There were just short of 882,000 calls triaged by the NHS 111 service in England in November 2014, and 99,808 of the calls—11.3%—had an ambulance dispatched.
I thank the Minister for that response, and I am grateful for the earlier response to my hon. Friend the Member for Romsey and Southampton North (Caroline Nokes), which is very reassuring. Any Member who has spent time with paramedics, as I have in Newark, knows that this is a hot topic for them. So we would appreciate any extra reassurance the Minister can give that the algorithms that lie behind the 111 service, and the level of clinical involvement in it, can be improved, with experience, to create a sensible number of cases going to accident and emergency.
I pay enormous tribute to the paramedics, who are working under a lot of pressure. The survey results, which showed that about 27% of people who have used 111 say that they would have gone to A and E had it not been available, are a considerable reassurance. However, we need constantly to seek to improve the service, and the urgent and emergency care review pointed to refining the 111 service so that, ultimately, people could get access through to a GP, doctor or nurse, to ensure that they receive the right guidance at the right time.
The Public Accounts Committee examined this service in Devon and Cornwall and discovered, as it has in other inquiries, a lot of issues associated with cost shunting, because it does not cost 111 when it tells someone they need to go to hospital in an ambulance. So there have been “impressive figures” on the number of people who did not go to A and E as a result of their call, but is the Department monitoring the number of people who are sent to A and E by 111 but should not have been?
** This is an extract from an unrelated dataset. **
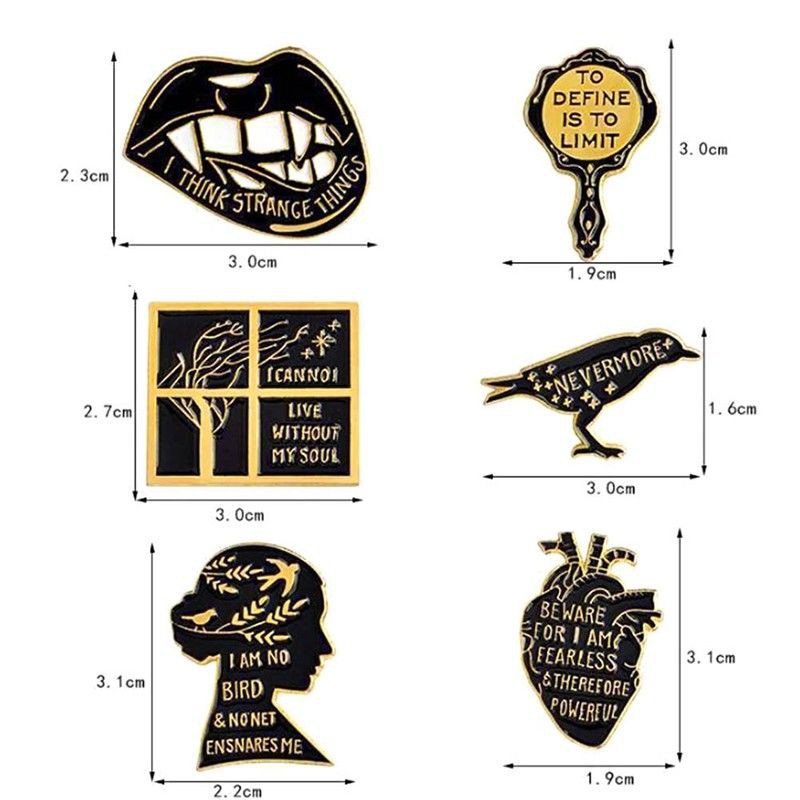 Khuy cài áo hình chữ cái phong cách Gothic dành cho giới trẻ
As I said in response to the previous question, there is a real case for constantly seeking to refine the way the service works. The urgent and emergency care review pointed to ways in which we could do that to ensure that, in appropriate cases, people could get through to a doctor or a nurse to give them the right advice. That, in turn, would reduce the number of people turning up at A and E.
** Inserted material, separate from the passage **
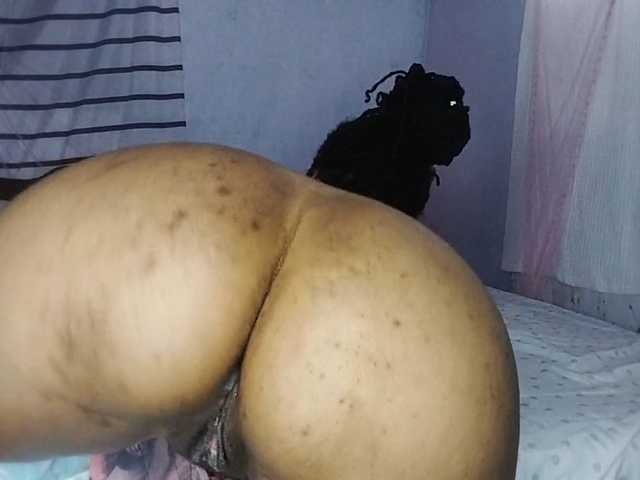 petittegoddess254 live cam on BongaCams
Further to the previous question, will the Minister urgently review the operation of NHS 111, as not only did it experience meltdown over the Christmas period in my area, but it is run from a call centre in Newport, 200 miles away, and it uses algorithms that involved staff asking a patient in my constituency, “Are you conscious?”?
Call volumes doubled over the Christmas period compared with those a year ago, so the system was certainly under enormous pressure. As I say, the survey results show that a lot of people were diverted away from A and E, but there is absolutely a case for seeking to improve 111.
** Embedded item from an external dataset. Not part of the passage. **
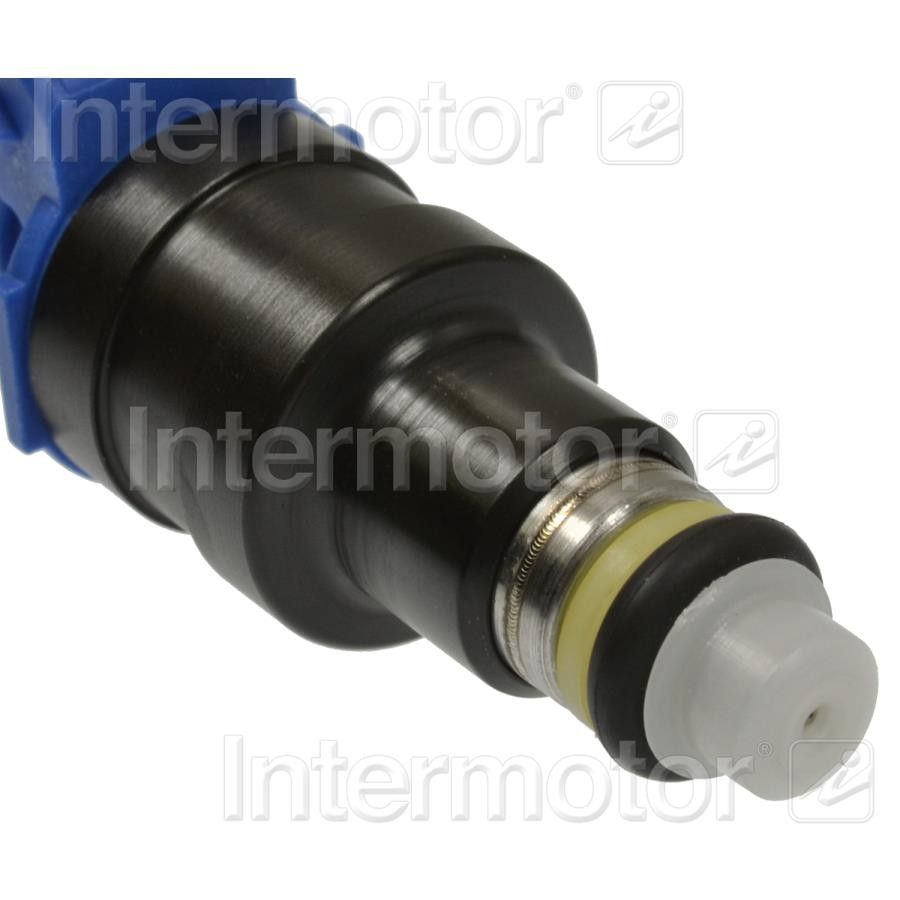 1983, 1982 BMW 320i Fuel Injector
The Secretary of State earlier complacently claimed that England has the best A and E service in the United Kingdom, but last week 86 hospital trusts in England operated below the Wales average. Suzanne Mason, professor of emergency medicine at the university of Sheffield, said that ambulance services in some parts of the country have been “brought to their knees” by 111. Does the Minister now think it was a mistake to scrap the nurse-led NHS Direct service? Will he urgently implement Labour’s proposal to get more nurses answering 111 calls, to relieve pressure on our chronically overstretched A and E departments?
I understand that about 22% of callers do get to speak to a clinician and, as I have already said, we are seeking to develop the service so that there are more referrals to an appropriate clinician. Let me again repeat the fact that the performances of A and E, ambulances and people waiting for hospital are considerably better in England than they are in Wales, and the Opposition need to recognise that.